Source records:
--------------------------------------------------
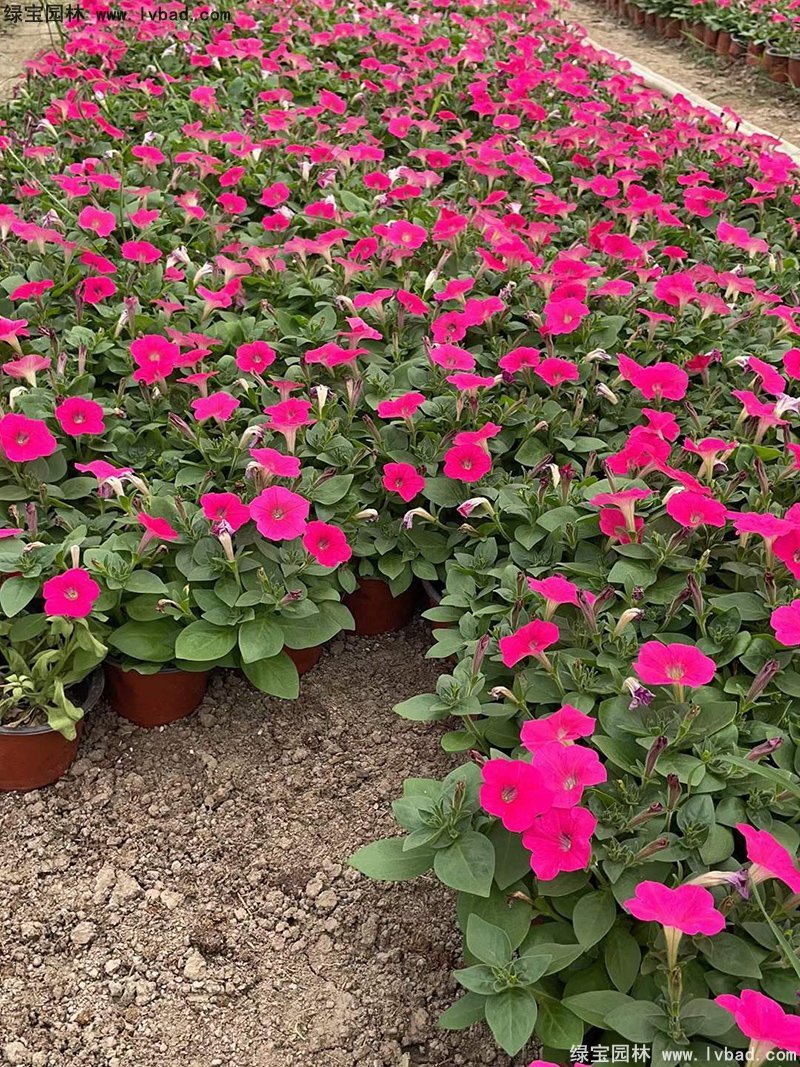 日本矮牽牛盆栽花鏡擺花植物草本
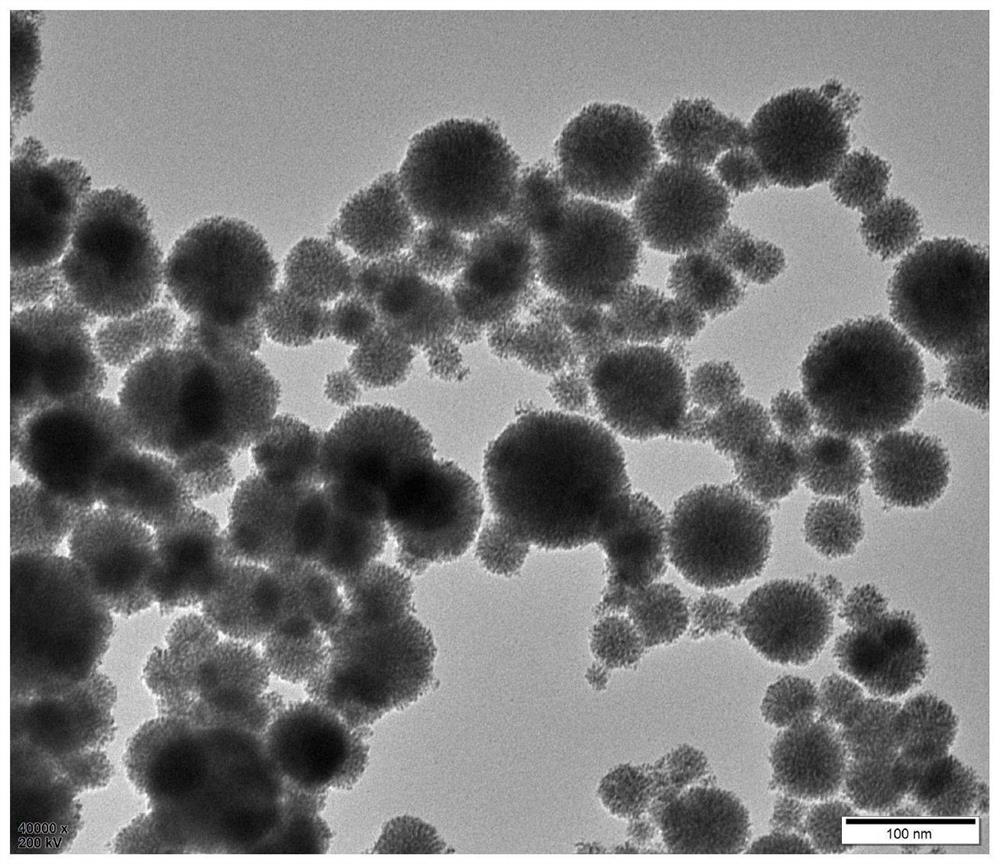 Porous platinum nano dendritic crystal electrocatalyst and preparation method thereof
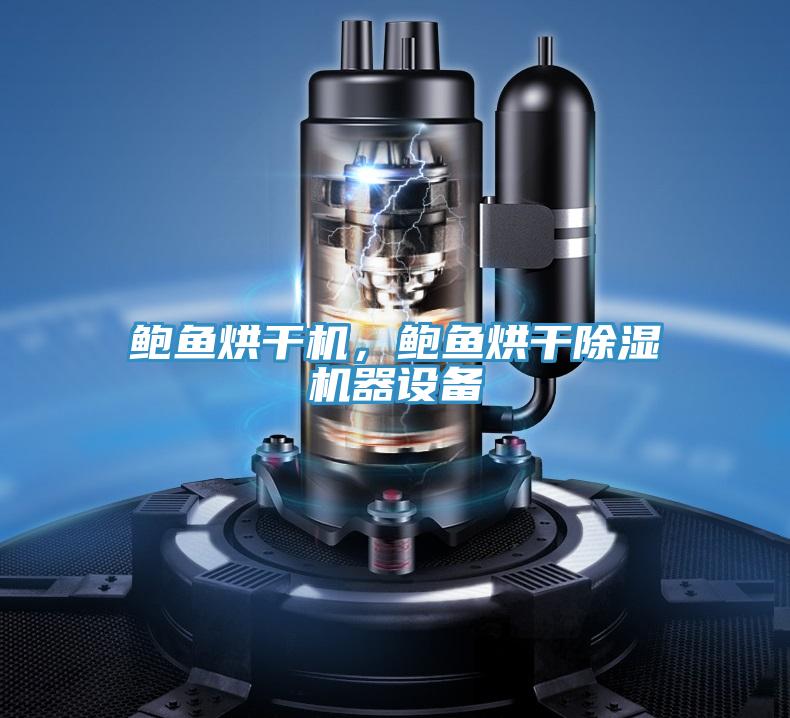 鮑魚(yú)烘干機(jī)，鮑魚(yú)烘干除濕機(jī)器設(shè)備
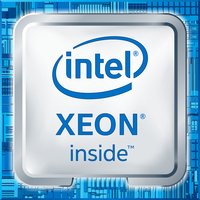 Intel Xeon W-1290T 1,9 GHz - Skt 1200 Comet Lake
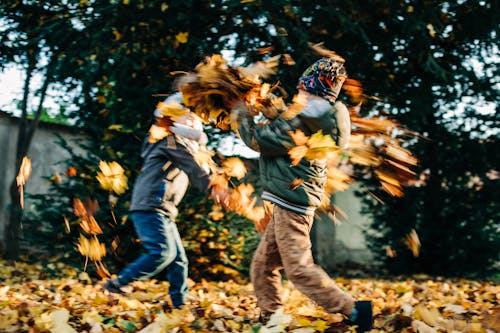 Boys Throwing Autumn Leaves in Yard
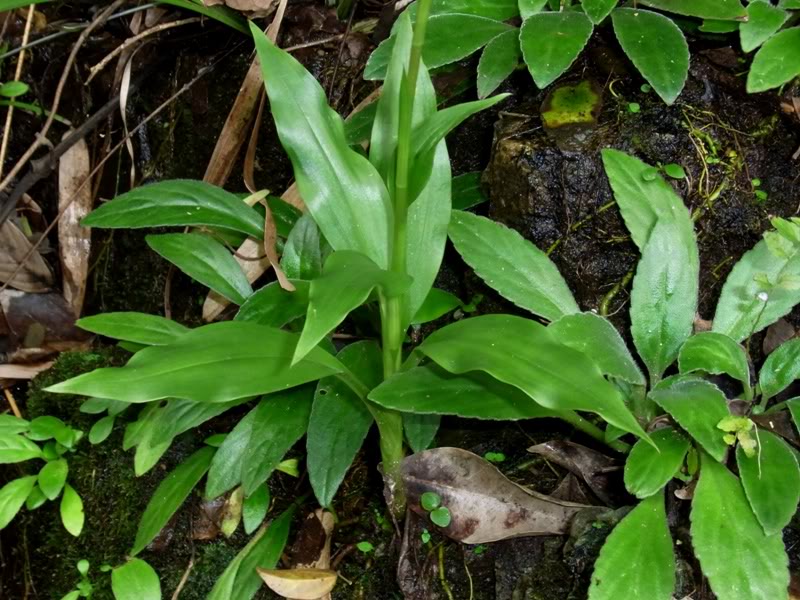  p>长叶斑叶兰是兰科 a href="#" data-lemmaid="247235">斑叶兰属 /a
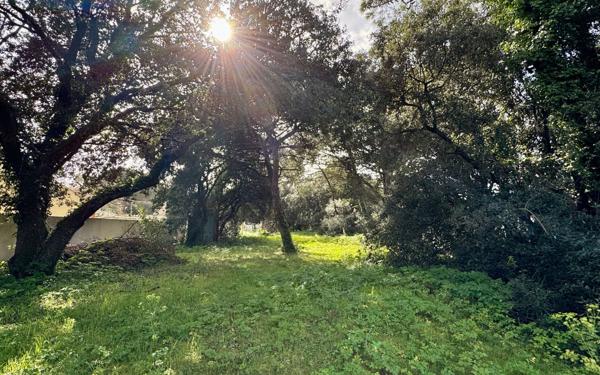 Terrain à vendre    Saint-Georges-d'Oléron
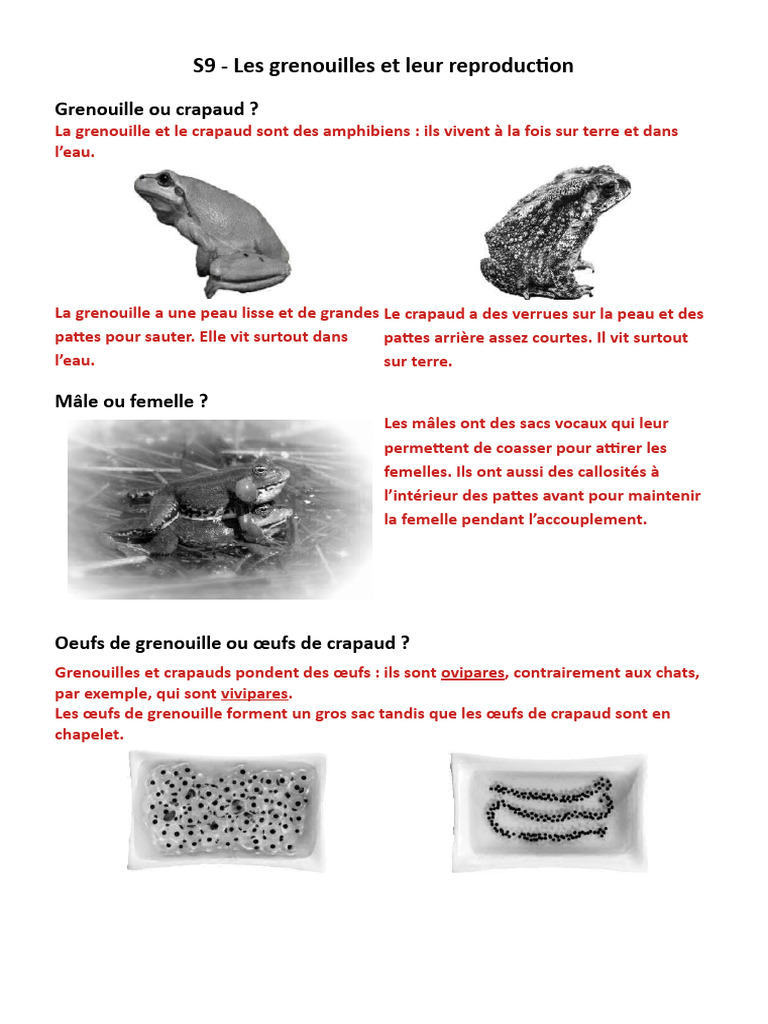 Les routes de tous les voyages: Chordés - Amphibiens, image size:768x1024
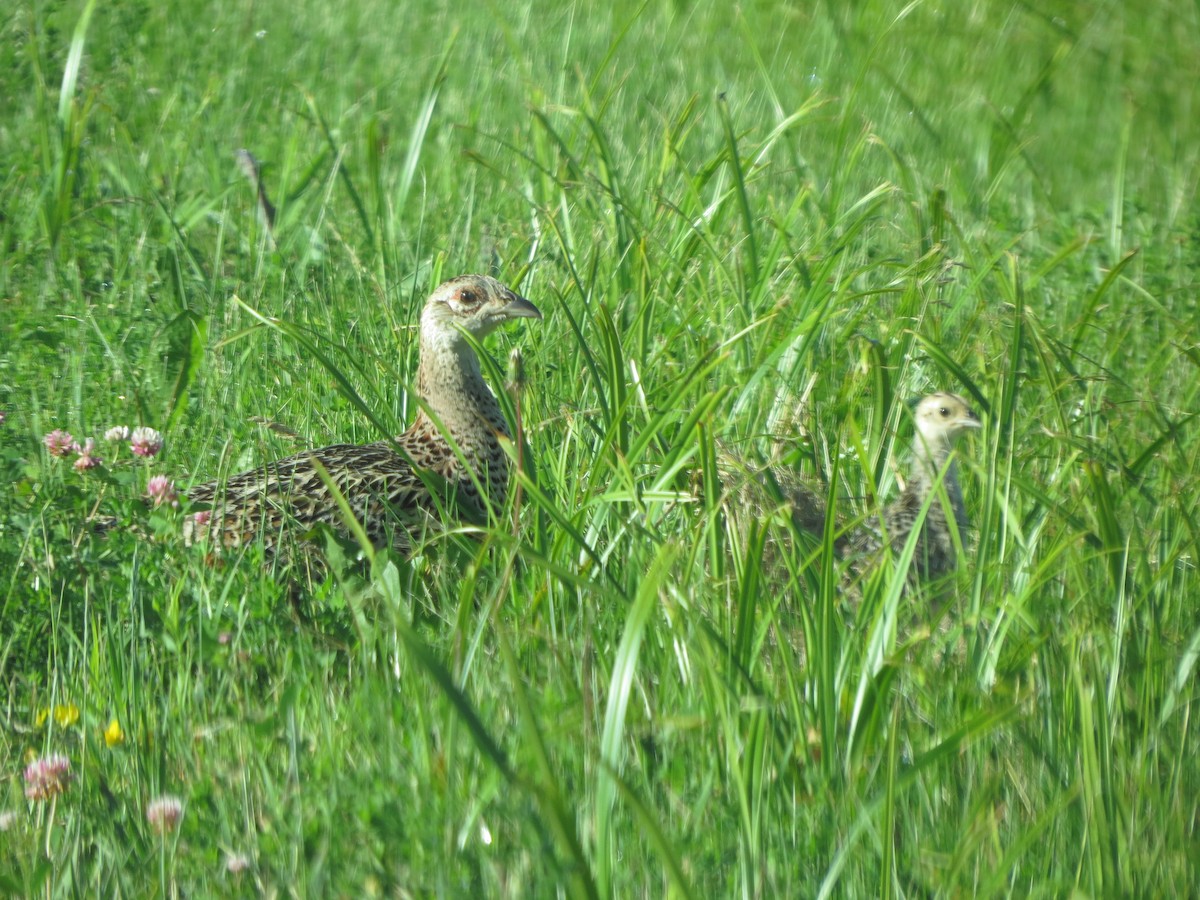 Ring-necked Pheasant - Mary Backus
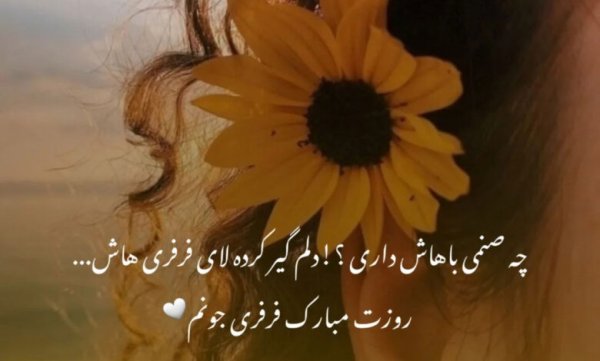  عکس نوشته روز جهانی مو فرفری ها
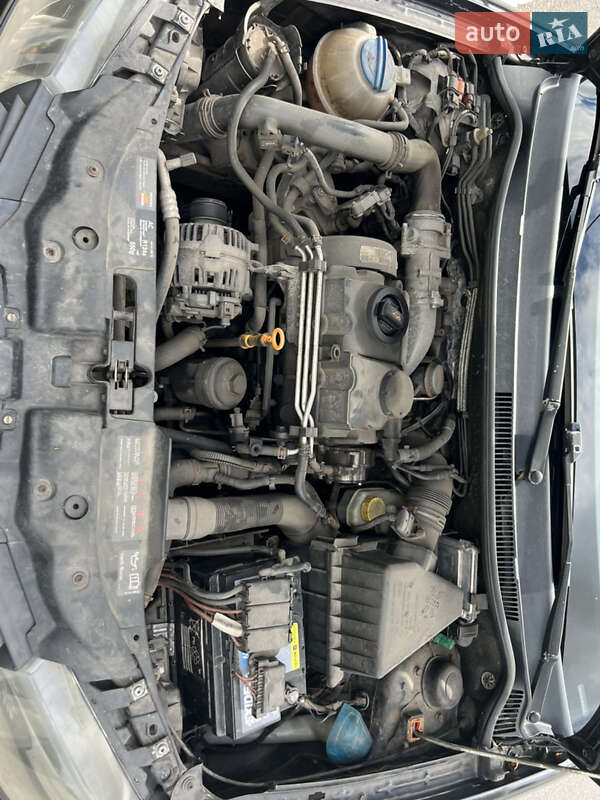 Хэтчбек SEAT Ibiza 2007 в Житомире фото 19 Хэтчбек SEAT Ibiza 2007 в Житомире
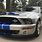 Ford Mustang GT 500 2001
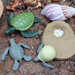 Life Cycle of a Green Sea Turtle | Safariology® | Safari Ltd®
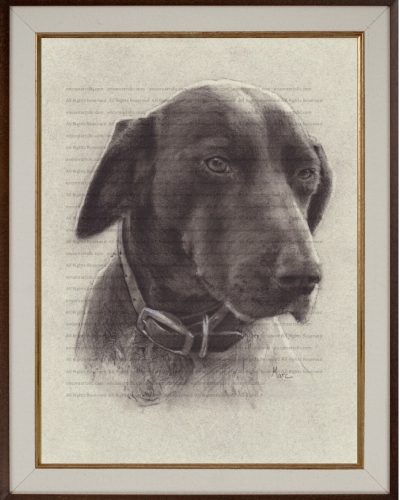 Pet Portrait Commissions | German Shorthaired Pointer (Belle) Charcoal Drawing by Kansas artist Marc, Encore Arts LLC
--------------------------------------------------
Exercise aim:
Write out, exactly as they stand, the line with "Life Cycle of" and every line after it through the end of the entries above; omit the pictures.

Response below:
 Life Cycle of a Green Sea Turtle | Safariology® | Safari Ltd®
 Pet Portrait Commissions | German Shorthaired Pointer (Belle) Charcoal Drawing by Kansas artist Marc, Encore Arts LLC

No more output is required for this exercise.